## WHAT NEEDS TO BE DONE
Go through the entries and copy each one exactly. Leave none out.

————

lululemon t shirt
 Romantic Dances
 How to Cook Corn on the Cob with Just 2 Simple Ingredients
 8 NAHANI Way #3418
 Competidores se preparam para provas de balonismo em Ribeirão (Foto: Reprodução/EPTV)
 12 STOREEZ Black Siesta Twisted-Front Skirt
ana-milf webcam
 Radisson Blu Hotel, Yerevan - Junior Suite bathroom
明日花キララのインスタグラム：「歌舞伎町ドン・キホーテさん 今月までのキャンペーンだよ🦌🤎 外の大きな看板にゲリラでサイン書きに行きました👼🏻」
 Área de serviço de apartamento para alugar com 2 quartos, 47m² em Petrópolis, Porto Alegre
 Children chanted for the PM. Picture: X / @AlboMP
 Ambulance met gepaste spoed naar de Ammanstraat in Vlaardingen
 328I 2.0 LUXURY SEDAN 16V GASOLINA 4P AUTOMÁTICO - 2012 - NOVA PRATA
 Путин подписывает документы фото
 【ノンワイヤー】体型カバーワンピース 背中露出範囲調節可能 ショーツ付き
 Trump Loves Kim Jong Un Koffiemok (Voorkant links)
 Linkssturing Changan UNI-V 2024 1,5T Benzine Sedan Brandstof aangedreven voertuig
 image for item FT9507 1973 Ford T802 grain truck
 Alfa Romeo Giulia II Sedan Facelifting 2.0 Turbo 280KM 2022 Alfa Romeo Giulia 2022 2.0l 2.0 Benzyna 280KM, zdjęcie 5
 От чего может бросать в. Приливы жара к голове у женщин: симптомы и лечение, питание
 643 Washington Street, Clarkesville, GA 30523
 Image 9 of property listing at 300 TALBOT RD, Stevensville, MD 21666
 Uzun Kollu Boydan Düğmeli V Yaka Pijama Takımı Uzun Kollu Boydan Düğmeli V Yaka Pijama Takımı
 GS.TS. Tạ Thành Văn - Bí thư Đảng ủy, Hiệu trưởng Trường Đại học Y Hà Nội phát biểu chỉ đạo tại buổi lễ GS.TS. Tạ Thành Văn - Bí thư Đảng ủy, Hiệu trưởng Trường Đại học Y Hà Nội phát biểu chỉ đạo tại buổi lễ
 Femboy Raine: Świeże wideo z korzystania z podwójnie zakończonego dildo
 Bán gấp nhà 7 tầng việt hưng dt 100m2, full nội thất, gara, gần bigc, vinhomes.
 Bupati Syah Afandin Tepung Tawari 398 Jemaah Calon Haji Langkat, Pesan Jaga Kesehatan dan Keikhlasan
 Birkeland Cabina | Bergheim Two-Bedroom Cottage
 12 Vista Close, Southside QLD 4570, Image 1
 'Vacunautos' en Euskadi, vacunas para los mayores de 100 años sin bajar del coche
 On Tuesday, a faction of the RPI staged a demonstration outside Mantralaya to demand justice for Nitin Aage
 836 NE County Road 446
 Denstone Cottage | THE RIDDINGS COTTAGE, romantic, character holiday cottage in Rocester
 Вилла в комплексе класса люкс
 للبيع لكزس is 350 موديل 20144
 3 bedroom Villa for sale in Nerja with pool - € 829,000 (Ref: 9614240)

————

## WRITTEN ANSWER
lululemon t shirt
 Romantic Dances
 How to Cook Corn on the Cob with Just 2 Simple Ingredients
 8 NAHANI Way #3418
 Competidores se preparam para provas de balonismo em Ribeirão (Foto: Reprodução/EPTV)
 12 STOREEZ Black Siesta Twisted-Front Skirt
ana-milf webcam
 Radisson Blu Hotel, Yerevan - Junior Suite bathroom
明日花キララのインスタグラム：「歌舞伎町ドン・キホーテさん 今月までのキャンペーンだよ🦌🤎 外の大きな看板にゲリラでサイン書きに行きました👼🏻」
 Área de serviço de apartamento para alugar com 2 quartos, 47m² em Petrópolis, Porto Alegre
 Children chanted for the PM. Picture: X / @AlboMP
 Ambulance met gepaste spoed naar de Ammanstraat in Vlaardingen
 328I 2.0 LUXURY SEDAN 16V GASOLINA 4P AUTOMÁTICO - 2012 - NOVA PRATA
 Путин подписывает документы фото
 【ノンワイヤー】体型カバーワンピース 背中露出範囲調節可能 ショーツ付き
 Trump Loves Kim Jong Un Koffiemok (Voorkant links)
 Linkssturing Changan UNI-V 2024 1,5T Benzine Sedan Brandstof aangedreven voertuig
 image for item FT9507 1973 Ford T802 grain truck
 Alfa Romeo Giulia II Sedan Facelifting 2.0 Turbo 280KM 2022 Alfa Romeo Giulia 2022 2.0l 2.0 Benzyna 280KM, zdjęcie 5
 От чего может бросать в. Приливы жара к голове у женщин: симптомы и лечение, питание
 643 Washington Street, Clarkesville, GA 30523
 Image 9 of property listing at 300 TALBOT RD, Stevensville, MD 21666
 Uzun Kollu Boydan Düğmeli V Yaka Pijama Takımı Uzun Kollu Boydan Düğmeli V Yaka Pijama Takımı
 GS.TS. Tạ Thành Văn - Bí thư Đảng ủy, Hiệu trưởng Trường Đại học Y Hà Nội phát biểu chỉ đạo tại buổi lễ GS.TS. Tạ Thành Văn - Bí thư Đảng ủy, Hiệu trưởng Trường Đại học Y Hà Nội phát biểu chỉ đạo tại buổi lễ
 Femboy Raine: Świeże wideo z korzystania z podwójnie zakończonego dildo
 Bán gấp nhà 7 tầng việt hưng dt 100m2, full nội thất, gara, gần bigc, vinhomes.
 Bupati Syah Afandin Tepung Tawari 398 Jemaah Calon Haji Langkat, Pesan Jaga Kesehatan dan Keikhlasan
 Birkeland Cabina | Bergheim Two-Bedroom Cottage
 12 Vista Close, Southside QLD 4570, Image 1
 'Vacunautos' en Euskadi, vacunas para los mayores de 100 años sin bajar del coche
 On Tuesday, a faction of the RPI staged a demonstration outside Mantralaya to demand justice for Nitin Aage
 836 NE County Road 446
 Denstone Cottage | THE RIDDINGS COTTAGE, romantic, character holiday cottage in Rocester
 Вилла в комплексе класса люкс
 للبيع لكزس is 350 موديل 20144
 3 bedroom Villa for sale in Nerja with pool - € 829,000 (Ref: 9614240)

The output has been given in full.